Now, note that for any $1\leq n \leq 10$ $\mathbb{P}(Z\leq n)=\mathbb{P}(X_1\leq n \hspace{2pt}\text{and} \hspace{2pt}X_2\leq n )=\mathbb{P}(X_1\leq n)\mathbb{P}(X_2\leq n) = \big(\frac{n}{10}\big)^2$ Where we have used the independence property of $X_1$ and $X_2$ . Hence, $\mathbb{P}(Z=n)= \mathbb{P}(Z\leq n)- \mathbb{P}(Z\leq n-1)=\frac{2n-1}{100}$ Thus, $\mathbb{E}Z=\sum_{n=1}^{10}n\mathbb{P}(Z=n)=\frac{1}{100}\sum_{n=1}^{10}(2n-1)n=\frac{143}{20}\hspace{1pt}\blacksquare$

the probability of finding the ingredients UNTIL (i.e. cumulative, even if you have found both of them you keep opening drawers) the n drawer is $n^{2}$ /100 (n/10 for each ingredient.)
therefore the probability of finding both the ingredients exactly WHEN you open the nth darawer = $n^{2}$ /100 - ${(n-1)}^{2}$ /100. = (2n-1)/100.
multiplying probabilties with number of drawers opened and summing we have.
1/100 $\sum_{i=1}^{10}$ (k(2k-1))=143/20.

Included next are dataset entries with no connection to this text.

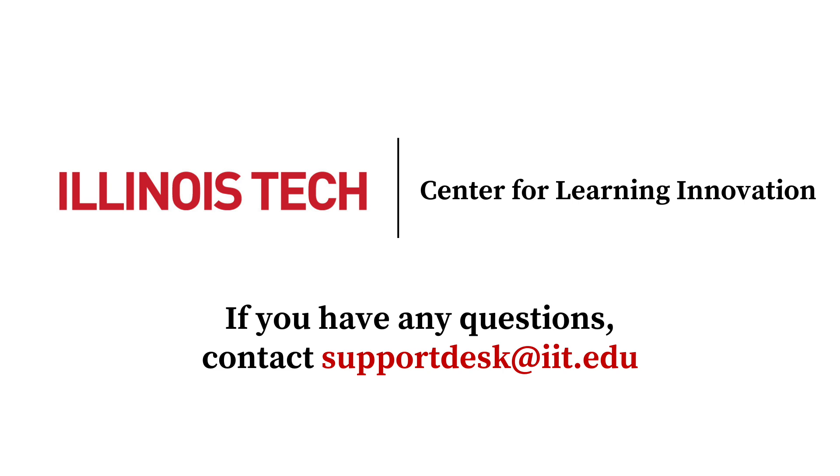If you have any questions, please email us at supportdesk at iit.edu. Thanks for watching.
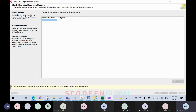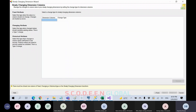The second type is changing attribute, which is SCD1. SCD1 maintains only the current records — it does not care about previous updates. When a new value is inserted, it will overwrite the existing value. The third type is historical attribute, which is SCD2. SCD2 maintains current data as well as historical data.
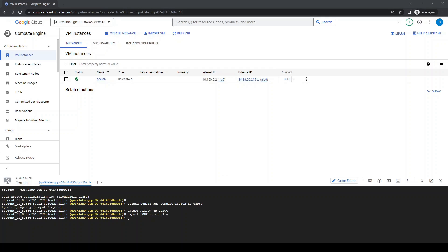Welcome aboard Google Cloud again. Here we are on the Compute Engine. We're gonna SSH to access the virtual machine.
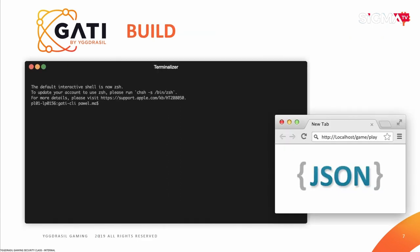Once you have implemented something and you want to see the results, we provide a build command. What it does is set up a local development environment so you can test it on your local machine.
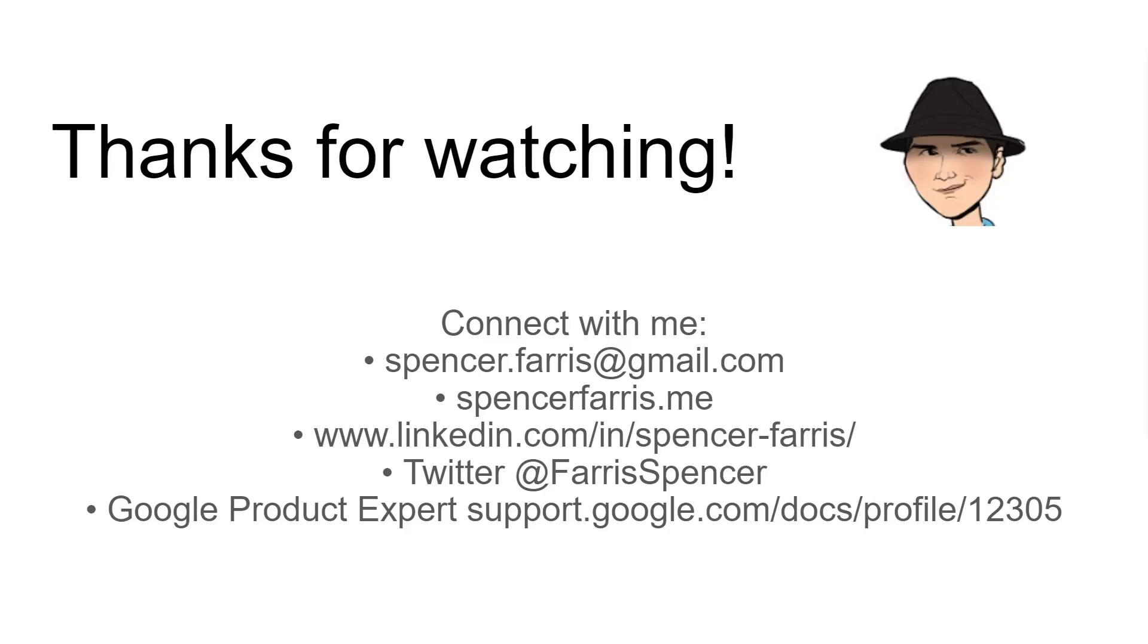Thank you so much for watching. I hope this helped, please like, subscribe, share all the normal things. You can connect with me at these addresses below. And I do try to stay up to date and commenting and interacting on the comment section. Thank you.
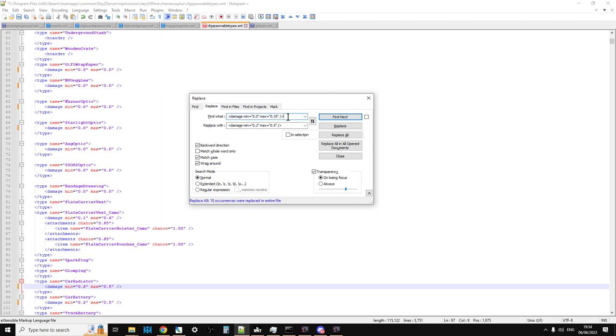But just be careful that you are accurate with what you're pasting in, and you understand the limits of what you want to change. So that's where often using a selection can be very helpful, because it stops you changing things that you didn't want to.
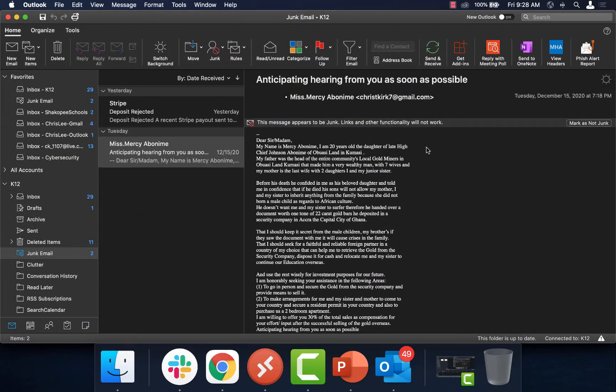Here we are in my Outlook for Mac. Up in my ribbon bar, you will see that I have a Fish Alert Report button up here. It looks like a little email with a fish on it.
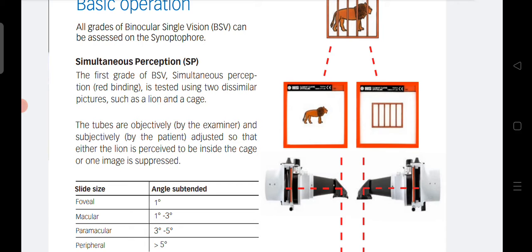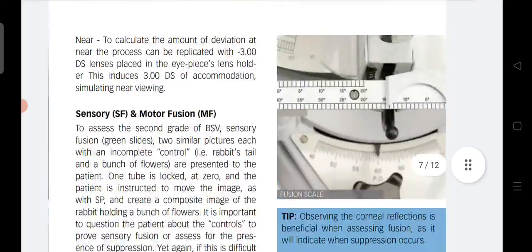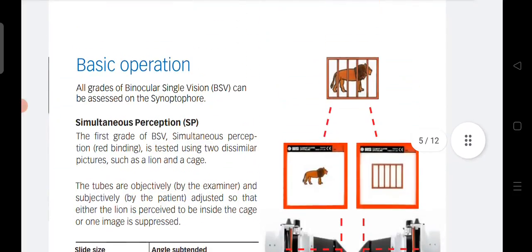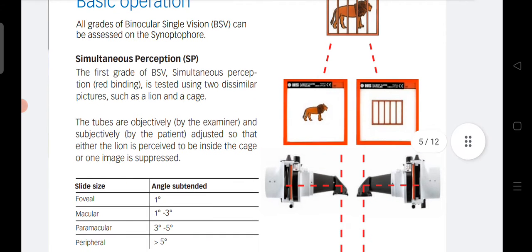So if there is a lion and a cage — the lion is seen by the left eye and the cage by the right eye — and if you have simultaneous macular perception, you will see the lion inside the cage. Now, these are the tubes of the synaptophore; you can see the eyepiece there.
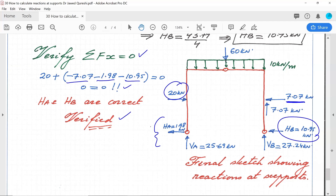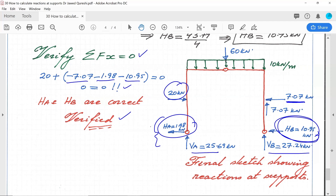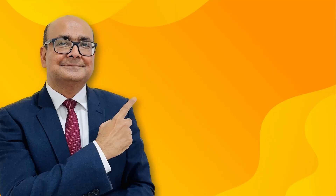The final sketch shows: HA = 1.98 kN leftward, HB = 10.95 kN leftward, VA = 25.69 kN upward, and VB = 27.24 kN upward. Finding reactions is absolutely critical — they tell us how much load is transferred to the ground, and in beams they allow reactions from one beam to be applied as point loads on another. Thanks for watching; don't forget to subscribe for more practical insights into structural engineering and beyond. Until next time, stay curious.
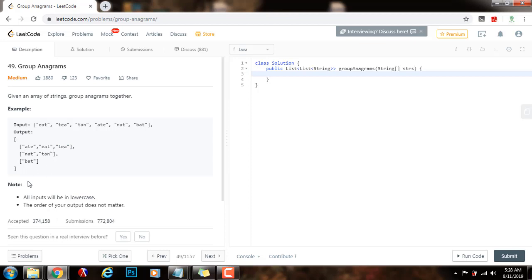Note, all inputs will be in lowercase. The order of your output does not matter.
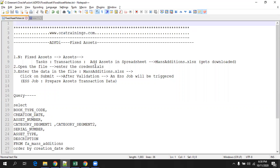Hello, welcome to rocklinings.com. In this session, we discuss about the idea behind fixed assets.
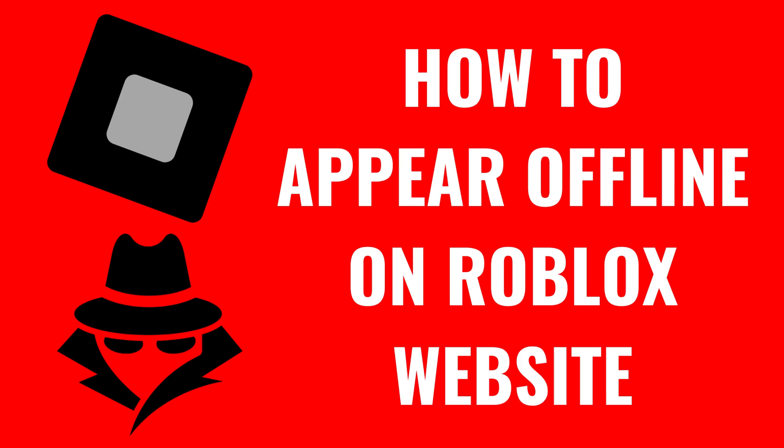I'm Max Dalton, and in this video I'll show you how to change your Roblox settings to appear offline.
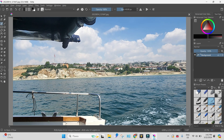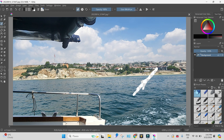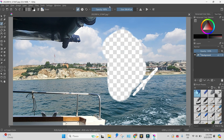In Krita the eraser is a brush. So here are the brushes. You can see the eraser and you can change sizes and opacity.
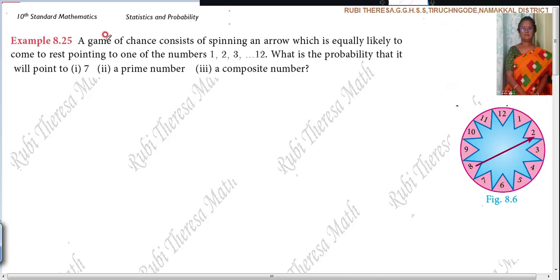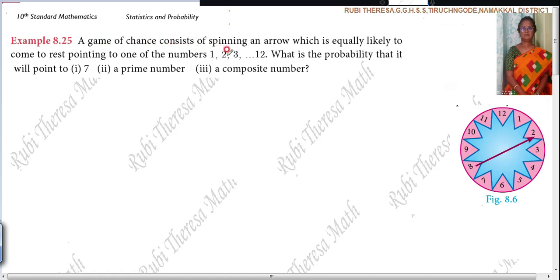Now listen here. A game of chance consisting of spinning an arrow which is equally likely to come to rest pointing to one of the numbers 1, 2, 3, 4, 5, 6, 7, 8, 9, 10, 11, 12. So 1 to 12.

There is a probability of $\frac{1}{10}$ that both ingredients end up being in the same drawer. Since you have no idea which drawer this is, it is equally likely that it will be the first, second, third, ..... or tenth drawer you open. The expected number of drawers you will have to open in this case is

$\dfrac{1}{10} \displaystyle\sum_{k=1}^{10} k = \dfrac{1}{10} * \dfrac{10*11}{2} = \dfrac{11}{2}$ .

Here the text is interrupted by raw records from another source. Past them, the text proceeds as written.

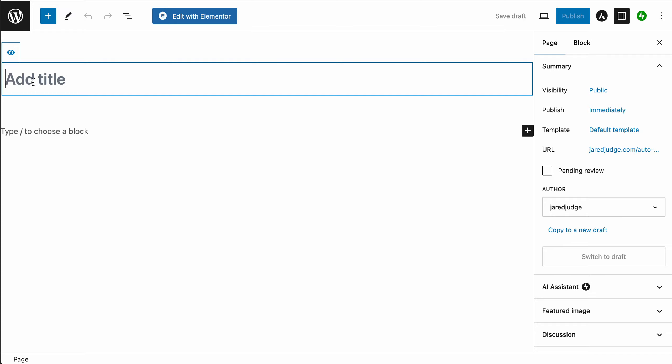The title box will be automatically selected, so you can create this page for yourself. For this one, we're going to create a wedding cocktail hour entertainment page. Let's type that into the title box.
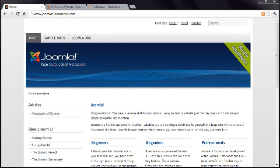This is lesson 17 of 20 lessons on how to build a Joomla website. In this lesson, I introduce you to the Joomla Media Manager and show you how to add images to your articles.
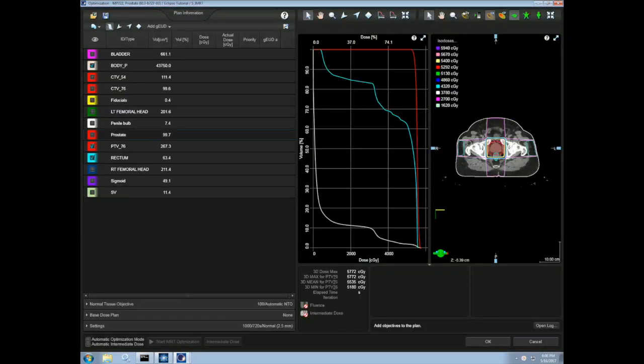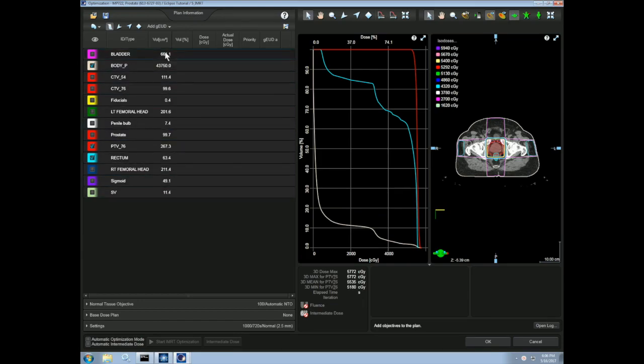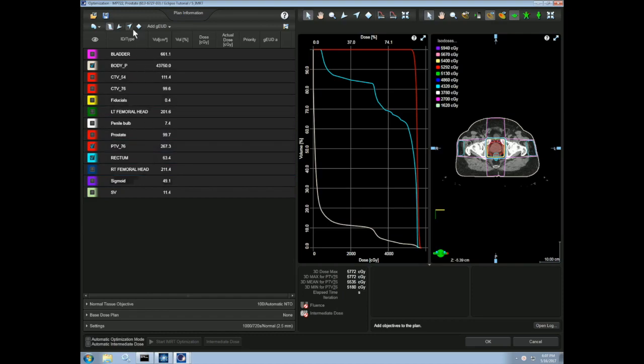We are now in the optimization interface, so let's discuss what we see. The most important part of the screen is a list of contours on the left. These are the structures that we'll be optimizing fluence for. When we optimize, we will choose between upper and lower constraints to reach our specified dose volume criteria.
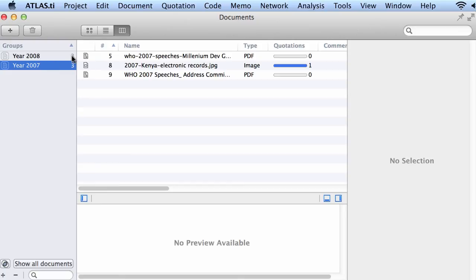Thank you for that, and now I will proceed into showing you other aspects of working with Atlas TI for the Mac.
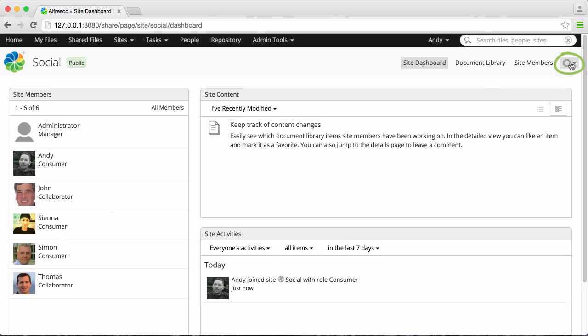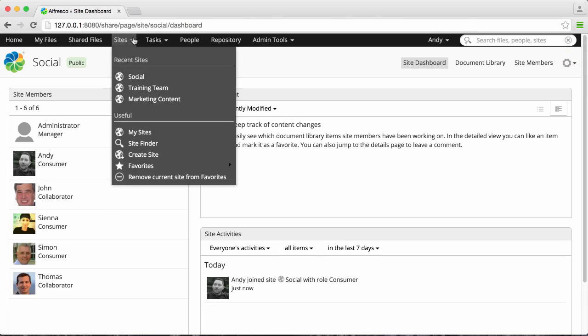Here you can click the Settings icon to leave or join a site, depending on whether you're already a member or not.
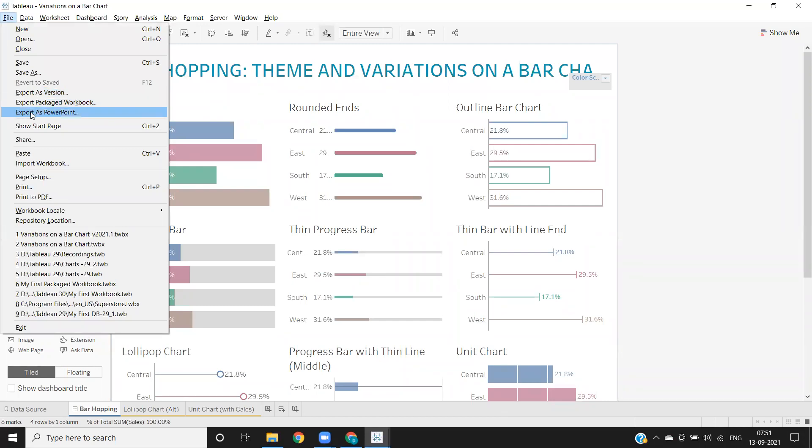Or suppose you want to export this as a PowerPoint, then you can directly click on this and it will open a PowerPoint presentation—the dashboard will be converted into PowerPoint.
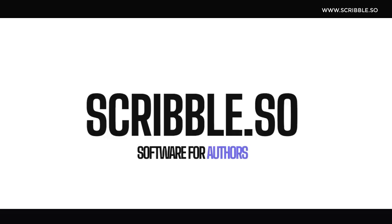So I hope you found this tutorial as well as these resources helpful. Again, a link to sign up for Scribble can be found in the description below. Happy writing, everyone.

There is a probability of $\frac{9}{10}$ that the two ingredients are in separate drawers. There are $\binom{10}{2} = 45$ possible pairs of drawers that contain the ingredients, each pair being equally likely to contain the ingredients. (By "pairs of drawers" I mean, for example, the first and third drawers you open, or the fifth and ninth, etc..) Since it is the last of the pair that is opened that will determine the total number of drawers you will have to open, the expected number of drawers you will have to open in this case is

$\dfrac{1}{45} \displaystyle\sum_{k=1}^{9} k(k + 1) = \dfrac{330}{45} = \dfrac{22}{3}$ .

(Explanation: there are $9$ pairs where the second ingredient is in the tenth drawer opened, $8$ pairs where the second ingredient is in the ninth drawer opened, and in general $k$ pairs where the second ingredient is in the $(k + 1)$ st drawer opened for $1 \le k \le 9$ .)

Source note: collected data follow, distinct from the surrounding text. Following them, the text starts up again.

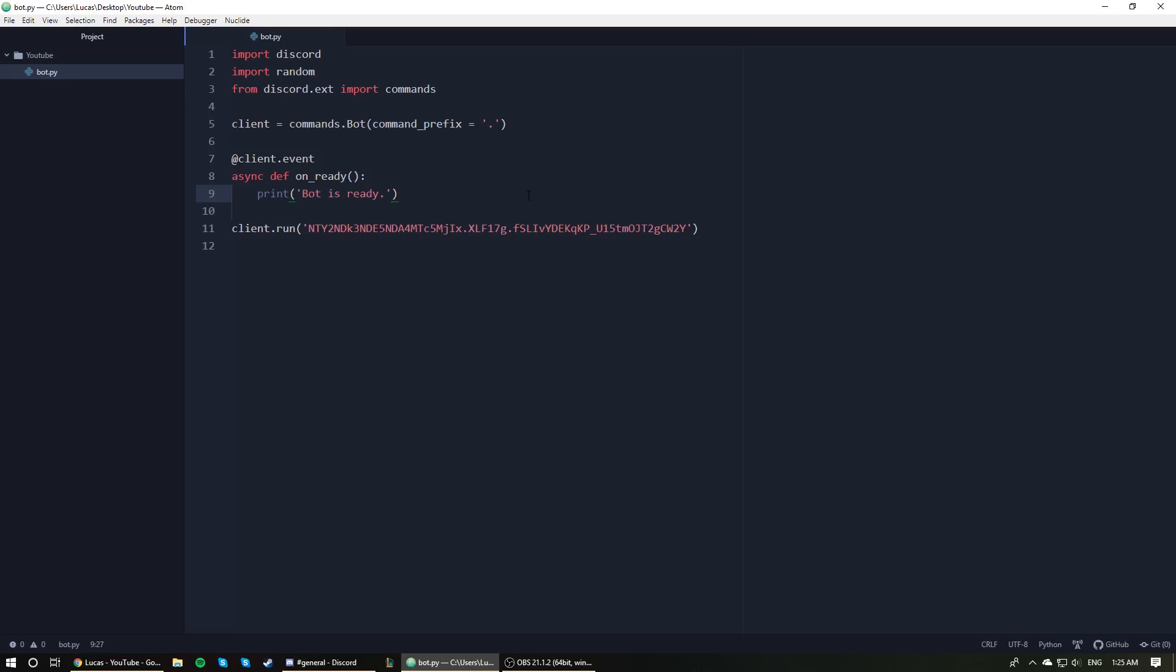Hey guys, welcome to part four of my making a Discord bot in Python YouTube series. In this video, it's going to be really quick because the code is very short, but we are creating a clear command. The clear command is essentially just going to clear a certain amount of messages from the channel it's used in. It's really straightforward and really common in a lot of bots, especially moderation bots. So yeah, let's get right into it.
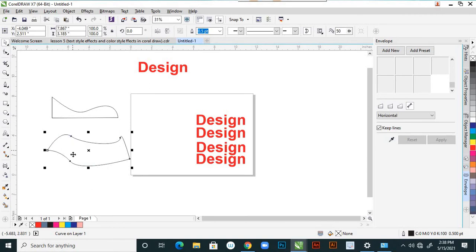Using the shape tool, I select the nodes and paths — the nodes and edges — and I can select them here to modify the shape.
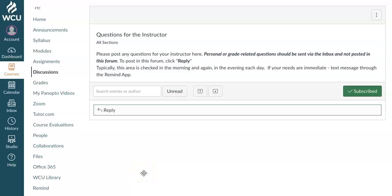Hi, class. This is going to be a brief walkthrough video showing you how to upload or create an audio or video discussion post.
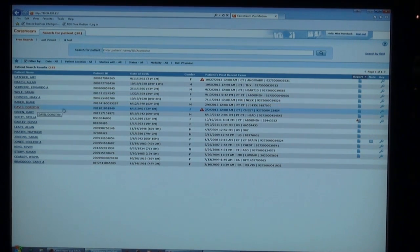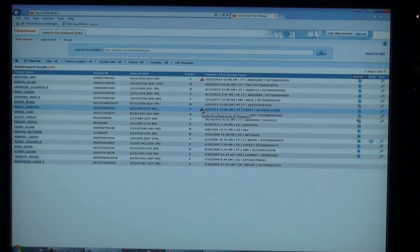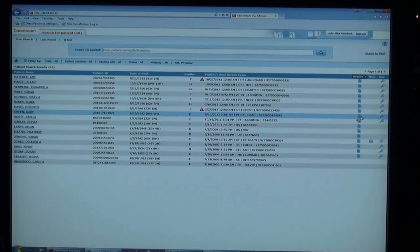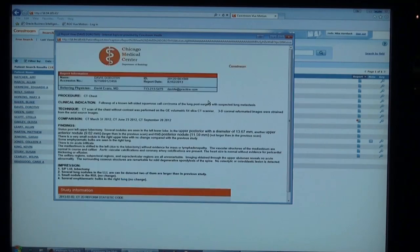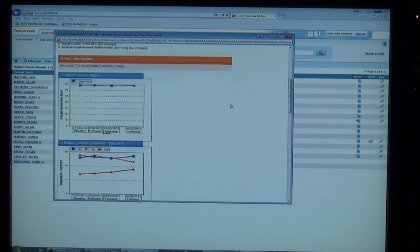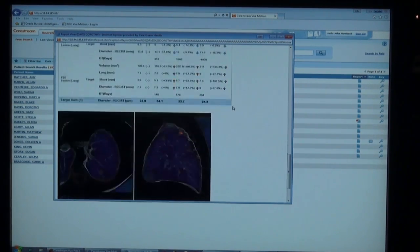Once they find their patient, they'll find basic patient information, indicators of critical results if they're used in ViewPACS, as well as the report. If they simply want to see the report, they can click the little piece of paper, and up comes the report, which can include analysis and key images.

Thus the expected number of drawers that you will have to open in general is

$(\dfrac{1}{10})(\dfrac{11}{2}) + (\dfrac{9}{10})(\dfrac{22}{3}) = \dfrac{11 + 132}{20} = \dfrac{143}{20}$ .

Thus $a + b = 143 + 20 = \boxed{163}$ .

EDIT: A simpler approach would be to note that for $1 \le k \le 10$ there are $2k - 1$ pairings of drawers where drawer $k$ is the last one opened, where the pairings are considered distinct if, for example, ingredients $A,B$ are in drawers $2,5$ , respectively, as opposed to ingredients $A,B$ being in drawers $5,2$ , respectively. Since there are $\sum_{k=1}^{10} (2k - 1) = 100$ such pairings, each of which is equally likely, the expected number of drawers that you will need to open to find both of the missing ingredients is

$\dfrac{1}{100} \displaystyle\sum_{k=1}^{10} k*(2k - 1) =$

$\dfrac{1}{100} * \displaystyle (2*\sum_{k=1}^{10} k^{2} - \sum_{k=1}^{10} k) = \dfrac{1}{100} \displaystyle (2*\dfrac{10*11*21}{6} - \dfrac{10*11}{2}) = \dfrac{715}{100} = \dfrac{143}{20}$

as found before.